Today I wanted to focus on Melody and the infinite number of misconceptions about what describing melody is actually all about. Whatever the exam board, melody will come up in some way shape or form and often students don’t really grasp how to write about it. So today I asked my students for three ways to describe a melody. And guess what, on the whole they didn’t describe the melody. They told me how loud it was played, or how fast, but not the actual melody. So I got one thing straight with them. Melody is the horizontal organisation of pitches. It has got nothing to do with dynamics or tempo or texture. They are all related, but if you are going to describe melody successfully you need to ignore these things. As music teachers we need to get students into good habits with how to describe melody. We then discussed how we can actually go about describing melody and melodic features/devices:
I then asked students to imagine a melody they know really well – maybe a recent performance piece. I then asked them to describe that melody. I didn’t let them listen to it, I just wanted them to think about it. We then chatted over answers and from the piano I attempted to play their melodies and show how I could change the melodies etc.

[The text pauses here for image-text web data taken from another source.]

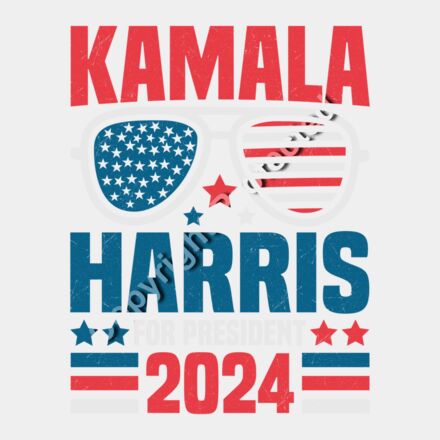 Kamala Harris 2024 campaign graphic with patriotic sunglasses  bold text  and stars     kamala h Thumbnail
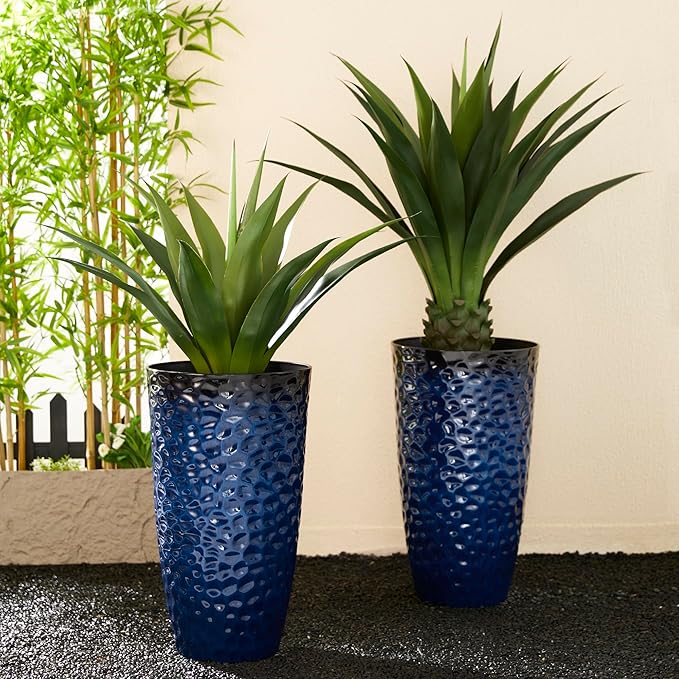 Glitzhome 23.75" H Oversized Tall Planter, Modern Set of 2 Honeycomb Textured - Image 7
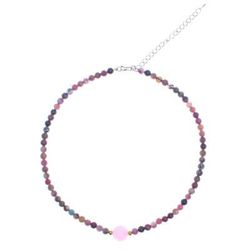 Precious Orb in Rose,'Hand Made Tourmaline and Rose Quartz Beaded Necklace'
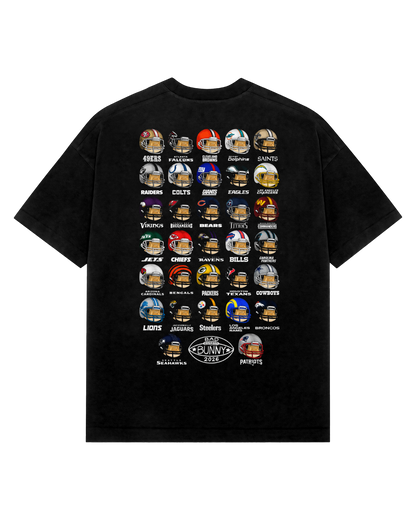 Playera Bad Bunny Super Tazon Cascos NFL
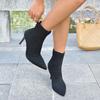 Fashion Black Stretch Skinny Socks Boots Women's 2025 New Mid-Tube Stiletto Pointed Toe High Heel Booties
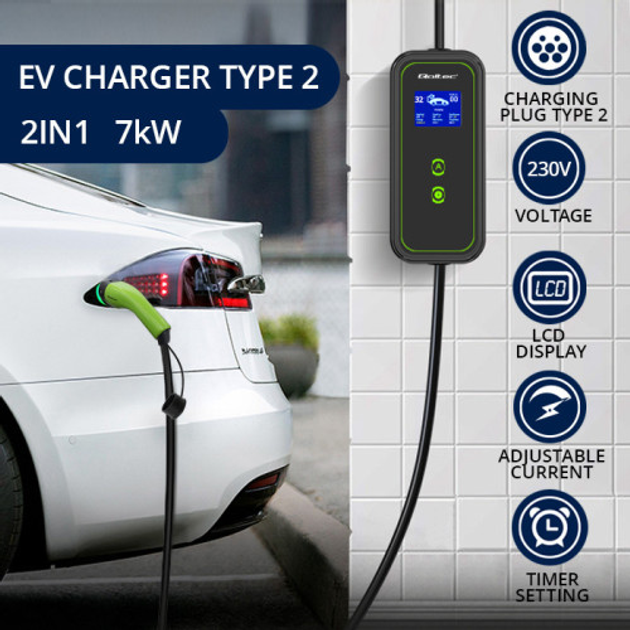 Зарядний пристрій Qoltec Mobile charger for EV 2-in-1 type 2 7 кВт 230 В CEE 3 PIN - зображення 3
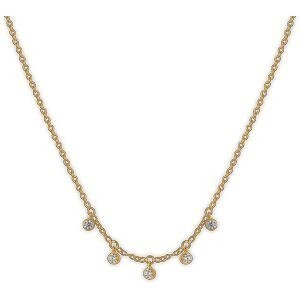 Collier Plaqué Or Pampilles Zirconium 3.5mm 40  à 45cm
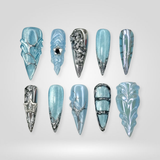 Metallic Vibe chrome press-on nails with holographic finish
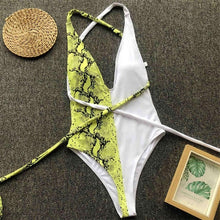 Load image into Gallery viewer, DIY Long Strap Wrap Around 2019 Women Swimwear One Piece Swimsuit Female Bather Leopard Printed Bathing Suit Swim Lady V852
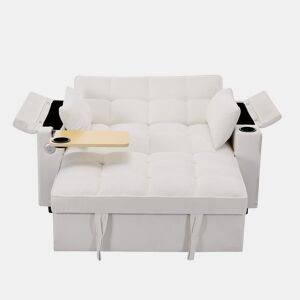 Sofá-cama 140,5 x 74 x 82 cm - 3 em 1, com encosto ajustável, USB, mesa oculta, porta-copos - Bege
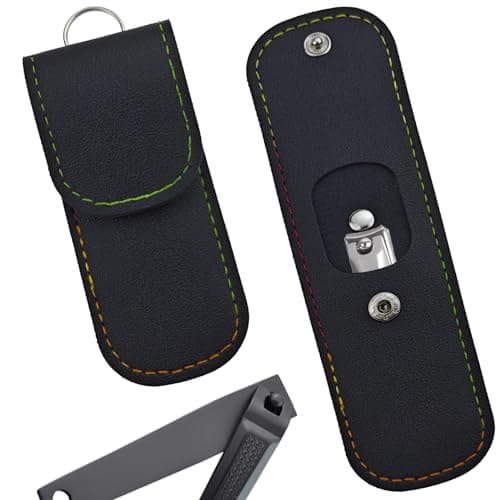 Capiant 2 PACK Small Nail Clippers Travel Case Leather (Empty Case), Professional Nail Clipper Case Leather, Travel Nail Clippers Storage Bag, Home & Travel Essentials, Manicure Kit Storage, black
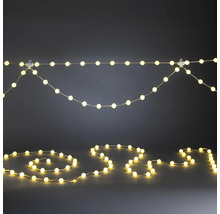 LED-Lichterkette mit warmweißen, kugelförmigen Leuchtmitteln für dekorative Zwecke.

I then played them some melodies – Bach Anna Mag. being one of them, and we chatted over the intervals and the shape. I also used Eine Kleine for a bit of arpeggios based melody!
The thing that worked in this lesson was the focus on melody and my strict approach to students who talked about anything other than melody. I sat at the piano and played as much to them as possible, but didn’t play overwhelming examples that are hard to work with at times. I just played melodic ideas to them to get them thinking and chatting over melody. We looked at sequences and their impact and also thought about intervals and their impact. It was a great lesson and I feel they came away with a clear picture of melody and how to write about it. The key thing for me is that they need to think about melody and hear lots of examples. Full orchestral recording examples are great. But sometimes a simple melody on piano can really help. I like just coming up with tunes on the spot. I enjoy it and you can tailor the melody directly to any questions from the class. Finding tunes in advance is great, but the live nature of the lesson is really fun and enjoyable for me and the students.
So I suggest focussing on different elements and giving them lots to think on and listen to. Link it all to the exam and make sure that you are forcing them to only think about one element at a time and also use musical terms as their primary language. Melody confused with dynamics or texture can really lead to lower marks. And if you are not sure where your class are at then ask them to tell you what a melody is and some of the ways they would describe it. You will soon know what they need to cover for revision.
And get yourself a copy of the Classical Fakebook – it is a bible of classical tunes and I love it.